Elisabeth Alber and Günther Pallaver

Elisabeth Alber is Senior Researcher and Program Head (Federal Scholar in Residence) at the Eurac Research Institute for Comparative Federalism. She holds a PhD from the University of Innsbruck and does research on federal systems and decentralization processes, territorial autonomies and minority rights, and deliberative democracy and participatory constitution-making. As visiting scholar, she has worked in Germany, the USA, Spain, Australia, Overseas France and North Macedonia. As consultant, she has worked with many international organizations, most recently in Moldova


Günther Pallaver is Professor em. of Political Science and was co-founder and head of the Department of Media, Society and Communication at the Faculty of Social and Political Sciences/University of Innsbruck. Born in Bozen/Bolzano, doctor in philosophy (PhD) and doctor of civil and canon law (J.U.D), he studied in Innsbruck, Salzburg, Vienna, Verona and London. Since 2020 he has been Senior researcher at the Institute for Comparative Federalism/Eurac Research Bozen/Bolzano and President of the South Tyrolean Political Science Association. His Research interests include: Comparative politics, political communication, federalism, (ethno)regional parties, ethnic minorities.

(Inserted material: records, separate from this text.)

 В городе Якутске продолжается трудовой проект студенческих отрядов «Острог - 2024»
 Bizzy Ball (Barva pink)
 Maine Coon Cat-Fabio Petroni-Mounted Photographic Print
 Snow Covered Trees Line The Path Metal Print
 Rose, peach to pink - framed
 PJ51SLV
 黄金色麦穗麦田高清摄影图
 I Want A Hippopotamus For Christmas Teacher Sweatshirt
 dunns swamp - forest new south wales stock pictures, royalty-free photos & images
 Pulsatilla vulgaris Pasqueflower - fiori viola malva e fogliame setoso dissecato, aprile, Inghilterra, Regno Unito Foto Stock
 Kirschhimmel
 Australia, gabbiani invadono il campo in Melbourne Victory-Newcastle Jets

South Tyrol’s autonomy is based on a dissociative conflict resolution model and, building on this, on a consociational democracy. Power-sharing takes place at the horizontal level between the three officially recognised language groups, Germans, Italians, and Ladins, and primarily concerns the proportional distribution of power influence and resources. The cooperation of elites corresponds to the ethnic separation of the language groups in many institutional and social areas. At the vertical level, there is formal and informal quasi-federal cooperation between Bolzano/Bozen and Rome, with Austria playing a relevant role as the protecting power for South Tyrol. Known as a success story, in recent times South Tyrol’s autonomy faces challenges that concern the overcoming of the dissociative model and the adaptation of its consociational democracy to changing demographics and to dynamics in Italian and European constitutional politics.

Basic Facts and Data*

In 2022, South Tyrol’s autonomy turns 50. Back in 1972, South Tyrol’s Autonomy Statute (ASt)[1] entered into force and paved the way for turning negative peace (i.e. the absence of violence) into positive peace (i.e. the creation of a social system that serves the needs of the whole population) (Galtung 1964, p. 2). From a comparative viewpoint (Lecours 2021), South Tyrol is a success story, even though on the ground “living apart in the same room” (Carlà 2007) is still the rule for many and the limits of corporate consociationalism (Carlà 2018) are not yet widely discussed.

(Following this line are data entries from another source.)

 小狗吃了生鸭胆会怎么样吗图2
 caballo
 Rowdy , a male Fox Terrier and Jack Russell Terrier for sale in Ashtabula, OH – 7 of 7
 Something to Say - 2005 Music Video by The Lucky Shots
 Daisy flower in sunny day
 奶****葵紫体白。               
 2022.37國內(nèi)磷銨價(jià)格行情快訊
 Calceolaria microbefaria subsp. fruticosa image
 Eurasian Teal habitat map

Formerly part of the Habsburg empire, South Tyrol was forcibly annexed to Italy in 1920. With the advent of fascism, the predominantly German- and Ladin speaking territory of 7.400 km² (ASTAT 2020a, p. 6) underwent Italianization. In 1946, Italy and Austria concluded the Paris Agreement, a bilateral treaty for the protection of the German-speaking minority, the basis of today’s autonomy of Italy’s northernmost subnational entity. Several decades of negotiations (Alber 2017) culminated in the entry into force of the ASt in 1972 that provides the creation of a constitutionally entrenched power-sharing system and federal-alike relations between South Tyrol and Rome.

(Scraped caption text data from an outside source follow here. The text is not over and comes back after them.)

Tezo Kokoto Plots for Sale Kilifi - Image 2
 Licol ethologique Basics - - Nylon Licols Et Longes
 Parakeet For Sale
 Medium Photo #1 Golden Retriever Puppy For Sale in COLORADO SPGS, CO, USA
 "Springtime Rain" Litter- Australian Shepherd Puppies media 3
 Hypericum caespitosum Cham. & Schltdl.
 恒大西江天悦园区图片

As of 31 December 2020, South Tyrol’s population amounts to 533.715 inhabitants (ASTAT 2021). It is home to Italy’s best-protected linguistic minorities, the German and the Ladin speakers, and to people from 138 countries (ASTAT 2020b). According to the last census in 2011 (ASTAT 2020a, p. 15), German speakers (or persons affiliating to the German language group) make up 69,01 percent, while the other two language groups, Italian and Ladin (including persons affiliating to one of these language groups) make up 26,06 and 4,53 per cent, respectively. Declaring his or her language group or affiliating to one language group is the key to fully benefit from South Tyrol’s system. In other words, the numerical strength of German-, Italian- and Ladin-speakers is the foundation upon which South Tyrol’s power-sharing system rests. That system consists of a complex network of norms, guarantees and legal remedies that provides the separation and forced (elites’) cooperation of the major language groups German and Italian in South Tyrol’s bilingual public sphere (Alber 2021; Chiocchetti 2021). Special rules and trilingualism apply to the Ladin language group, and to public administration and the education system in the two Ladin valleys.


Horizontal Power-sharing: The Relations between Groups in South Tyrol

The ASt provides a system of horizontal power-sharing that combines elements of cultural and territorial self-government. It allows the preservation of the socio-linguistic identities while fostering intergroup (elites’) dialogue and cooperation.


The four elements of the model

First, the participation of all relevant language groups in provincial government and in the different subordinated sub-systems. All language groups represented in the provincial parliament are proportionally represented in the provincial government according to their numerical strength (the deputies must submit a declaration of language group affiliation before the provincial election). Special rules apply to the Ladins. Proportional representation applies to all public representative bodies (e.g. municipalities).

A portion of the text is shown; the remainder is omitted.